Chapter 9 Diseases of Altered Immunologic Activity
Several pulmonary disorders are associated with systemic or local bronchopulmonary immunologic alterations. Some of these disorders primarily involve the lung, and in others, the pulmonary manifestations result from disease arising elsewhere. The choice of diseases included in this chapter is somewhat arbitrary. For example, asthma is addressed elsewhere with chronic obstructive pulmonary disease. Some of the infiltrative lung diseases such as sarcoidosis and occupational lung diseases such as silicosis and asbestosis are associated with multiple immunologic aberrations, but they are also discussed elsewhere.
There are four basic types of immunologic reaction, all of which may be responsible for diseases in the lung. These reactions are not mutually exclusive, and the development of one type may be accompanied by the simultaneous or subsequent development of another (Box 9-1).
Box 9-1 Types of Immune Reactions
Goodpasture’s syndrome (Box 9-2) is a disorder of unknown origin that is characterized by repeated episodes of pulmonary hemorrhage, iron deficiency anemia, and glomerulonephritis. It is often rapidly progressive. The immunopathologic nature of the disease is apparent because of the linear deposits of immunoglobulins, which can be demonstrated in the glomerular basement membrane and alveolar septa.
Box 9-2 Goodpasture’s Syndrome
Goodpasture’s syndrome is an autoimmune disease in which the renal and pulmonary lesions are mediated by an anti-glomerular basement membrane (anti-GBM) antibody that cross-reacts with lung basement membrane. Most patients with Goodpasture’s syndrome have circulating anti-GBM antibodies.

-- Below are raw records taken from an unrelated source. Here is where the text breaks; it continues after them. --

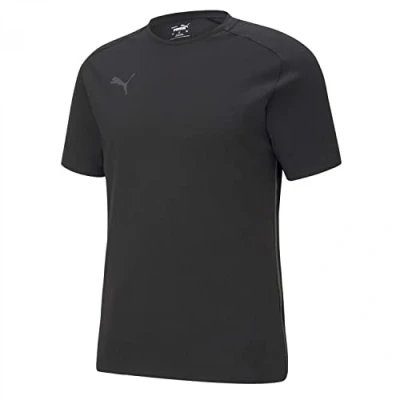 Abbildung von Puma Tshirt basic, Herren, Größe: Medium, black / asphalt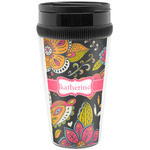 Birds & Butterflies Acrylic Travel Mug without Handle (Personalized)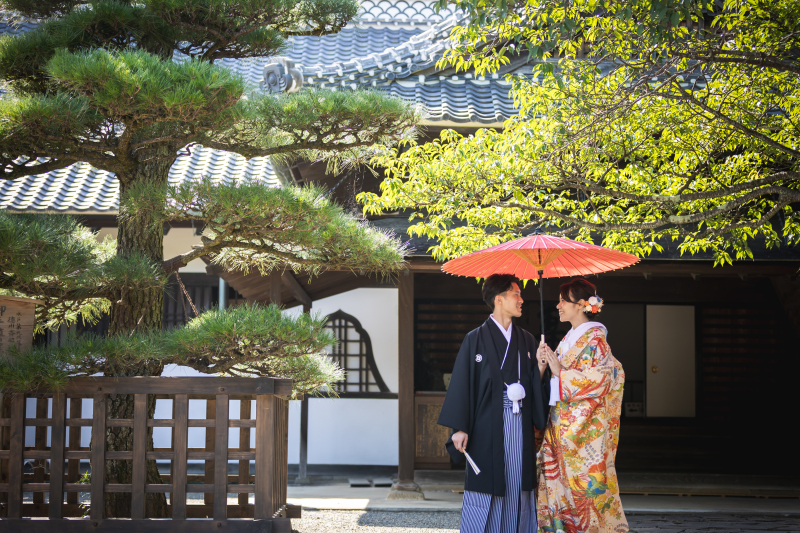 7月＊弘道館でロケーション撮影＊晴れ-色打掛♪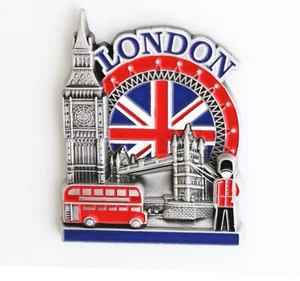 3D - LONDON Metal Fridge Magnet Decor Holiday Souvenir Gift PARIS - NEW YORK - Picture 1 of 17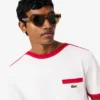 Camiseta de algodón grueso con detalle de bolsillo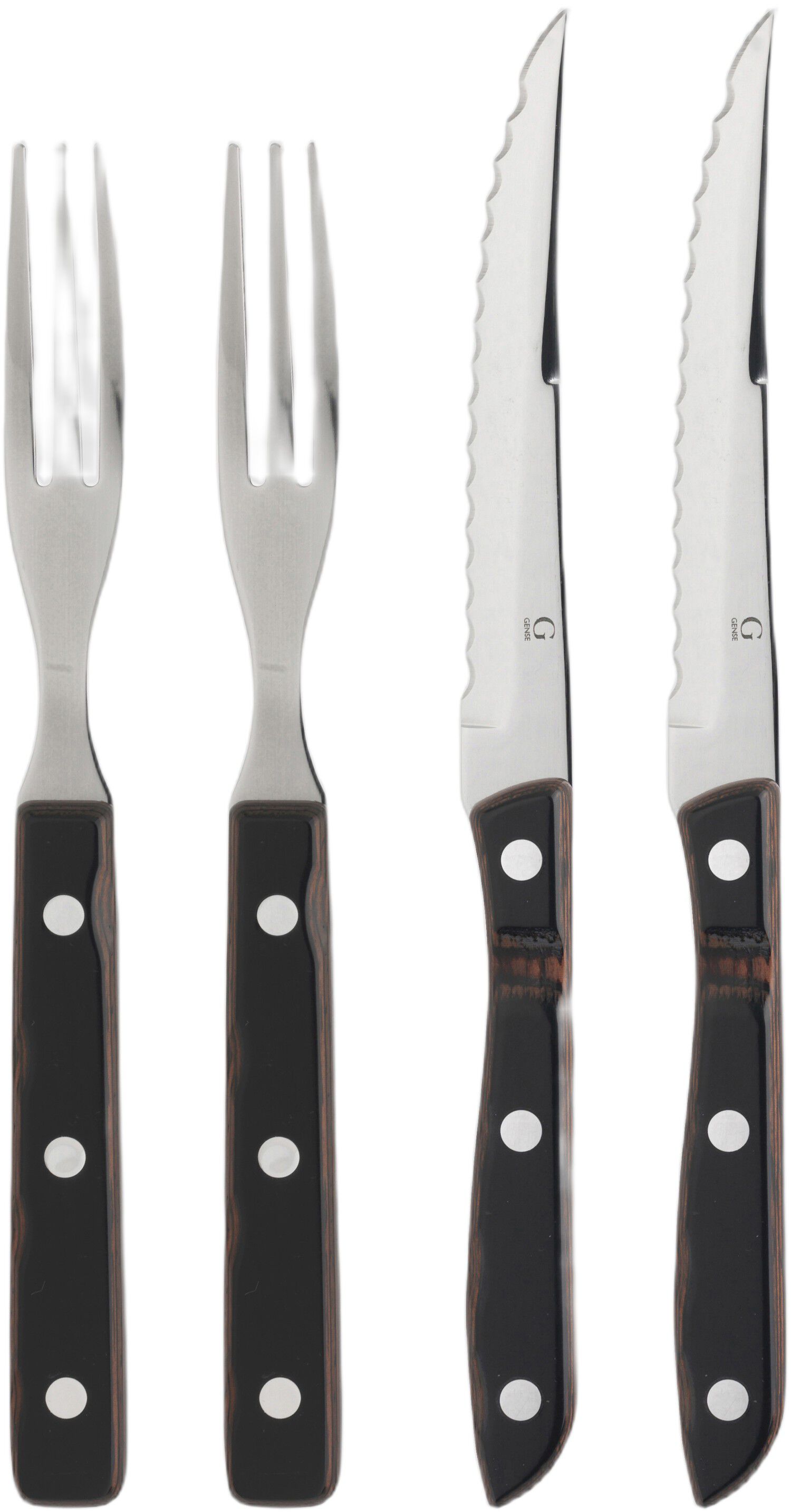 Steakbestik/grillbestik Old farmer classic 4 dele Tr&aelig;/St&aring;l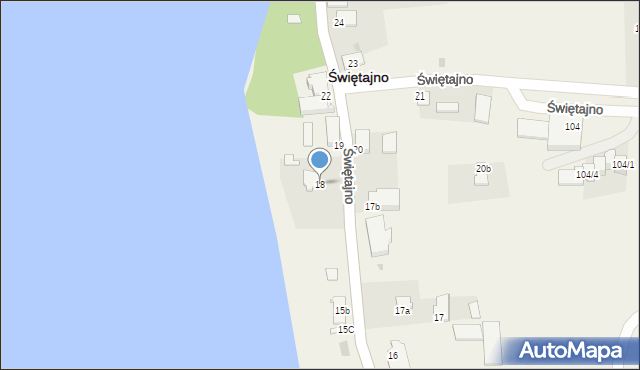 Świętajno, Świętajno, 18, mapa Świętajno
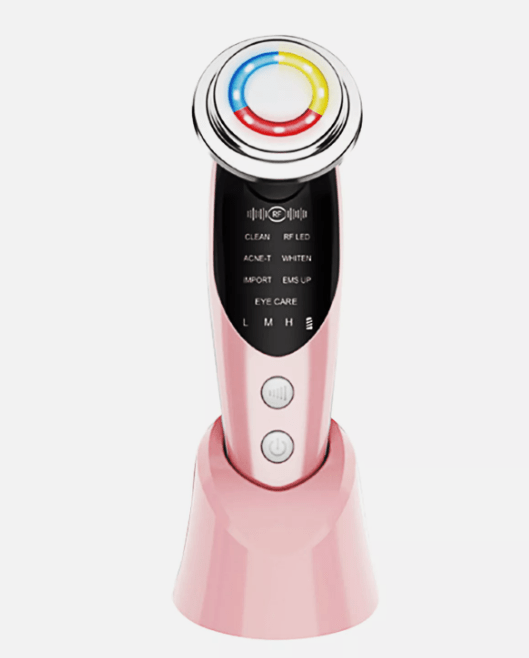 7-in-1 LED Light Therapy Face & Eye Massager – Advanced Skincare for a Radiant Glow + Plus FREE Facial Repair Serum a $20 Value - Naved Products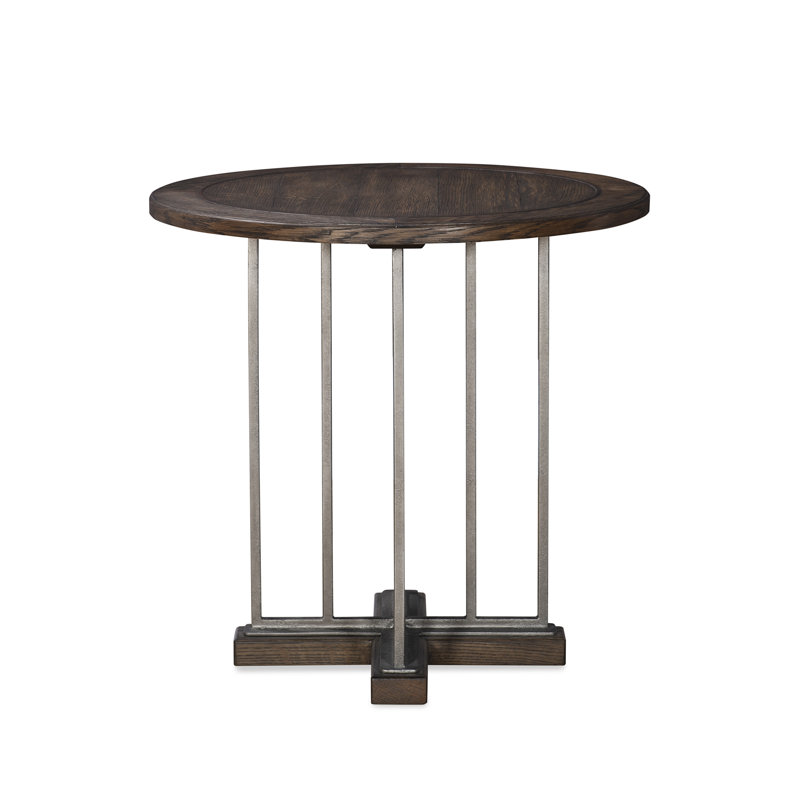Camden Solid Wood End Table, Brown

The syndrome is classically a disease of young men. The initial and most common symptom is hemoptysis. Iron deficiency anemia is invariably present. Pulmonary hemorrhage commonly antedates the clinical manifestations of renal disease. Anti-GBM antibodies can be identified in the sera of patients with the disease.
The classic radiographic appearance of Goodpasture’s syndrome consists of diffuse, homogeneous consolidation or alveolar opacities distributed fairly uniformly throughout all lung zones (Fig. 9-1). These changes are characteristic of the early stages of the disease and the development of acute pulmonary hemorrhage. Although the radiographic pattern is similar to that of cardiogenic pulmonary edema, conspicuously absent features are cardiomegaly, Kerley B lines, and pleural effusions. In the later stages, the changes depend on the time sequence and the number of hemorrhages that have occurred in the past. The alveolar consolidation seen during the acute episode may resolve in 2 to 3 days. Irregular or linear opacities often persist for an extended period. If bleeding is continuous or repetitive, these linear and occasionally nodular opacities become permanent as increasing amounts of hemosiderin are deposited within the interstitial tissue. Goodpasture’s syndrome must be differentiated from pulmonary hemorrhage due to other causes, such as idiopathic pulmonary hemorrhage (i.e., hemosiderosis) and numerous causes of vasculitis. Hemorrhage may occur rarely in patients receiving systemic anticoagulants.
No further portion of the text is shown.